For the first time since knowing Lex, Clark had not been immediately 
let through to his office at LuthorCorp. A little worried, Clark 
tried again. Still nothing. 

So maybe the impromptu lunch had been a bad idea. He began walking 
back to the Daily Planet, enjoying the brush of clean air. 

Nothing amiss,  except no less than a minute later, an urgent text 
message from Chloe telling him to meet her at Gasper's ASAP.

Immediately, Clark called Lois. A story was a story, and he was her 
partner.

---

The haunted room, filled with ghosts of the past, a laboratory of 
deception and impurities. This room was death. No forgiveness, no 
acceptance. A decayed room, built on hope and joy and friendship, 
reduced to death and unyielding, hopeless truth. No man in this line 
of business was safe. No man who let himself be manipulated by work, 
letting go of his or her own feelings, was safe.
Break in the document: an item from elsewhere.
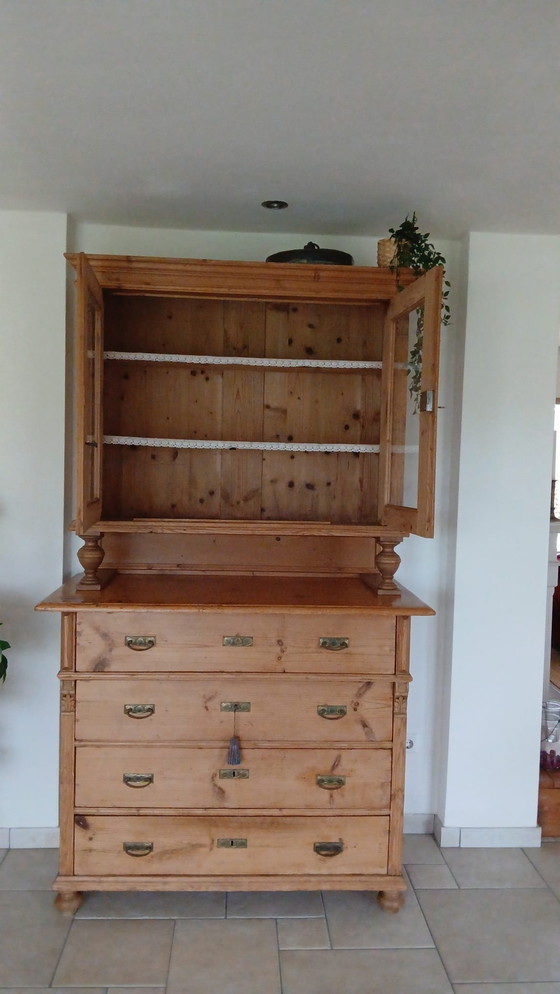 Image 1 of Pine Buffet Cupboard Antique Kitchen Cupboard Dinner Cupboard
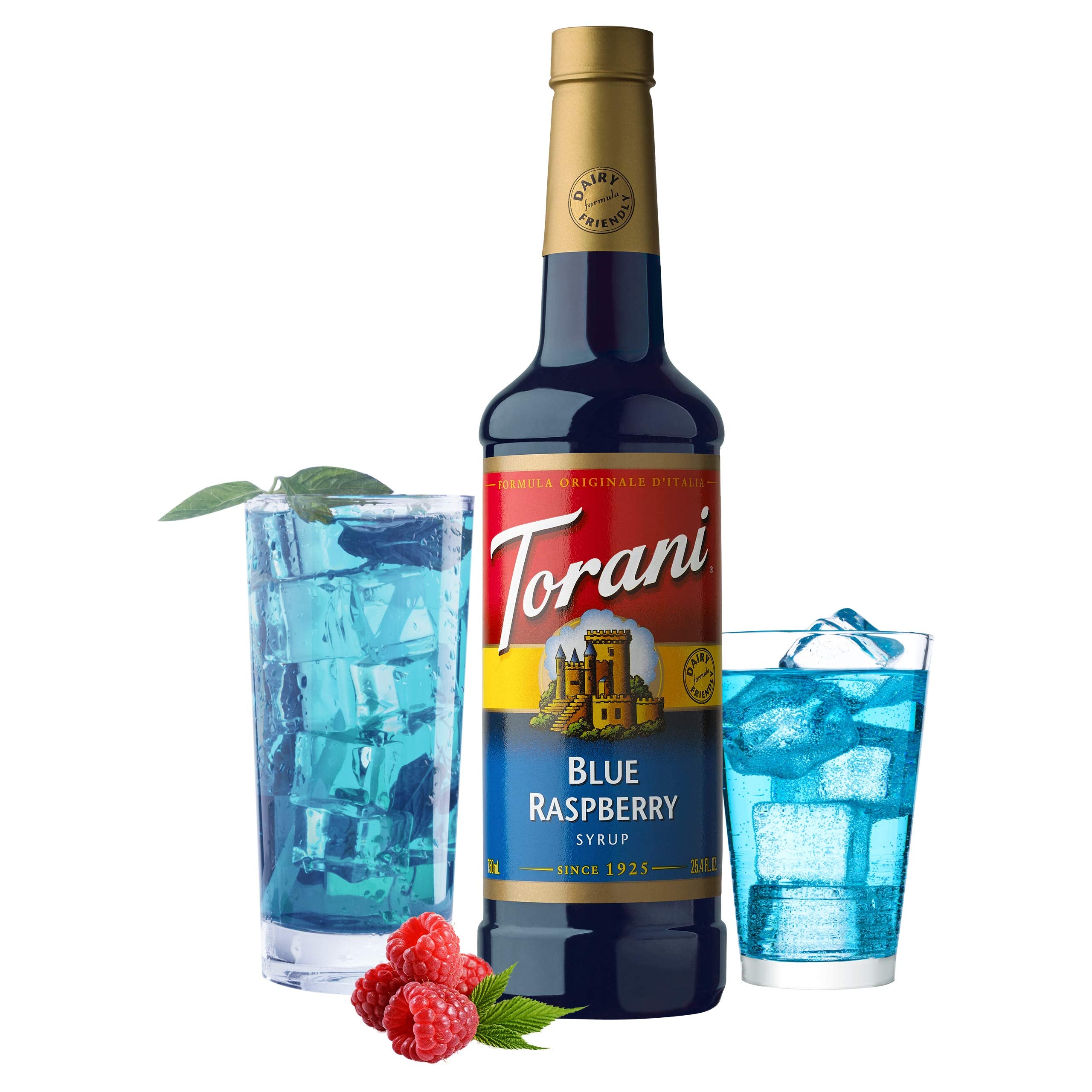 Torani label detail highlighting flavor name and natural ingredients benefits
Business wasn't 
safe, not without hope, not without feeling. Not with these tyrants 
running around, cutting corners, dreaming of the greatest, 
forgetting why they want to be. Forgetting friends and family for 
greed. 

"Are you surprised?" Lionel laughed, a cackle,  breaking through the 
wind's melody- besmirching it with an off-key note. "I've been 
working four years for this, and finally. A perfect son. Are the 
drugs wearing off? Ah yes, made just for your mutation. If you will, 
Mr. Birk, I would like to get this over before any heroic acts 
interrupt us." 

The living corpse prepared the man for death, his chilling fingers 
jutting in wild jerks, knotting the rope as tight as possible. 
Finally pinning him back to the shadowed walls.

By tying it now, in front of Lionel rather than in the car ride 
over, submitted Lex to his father, showing him just how much power 
he didn't have. He was never going to be free. He had just been 
demoted to a fish. Lionel was going to show him what happened when 
little fishes played with sharks.

So intrigued with the corpse's movements, the three did not notice 
the shutting and closing of a door, the silent footsteps moved among 
the shadows. The hero of the story was here, and he would prove 
himself, just as Birk had wanted, but could yet do. 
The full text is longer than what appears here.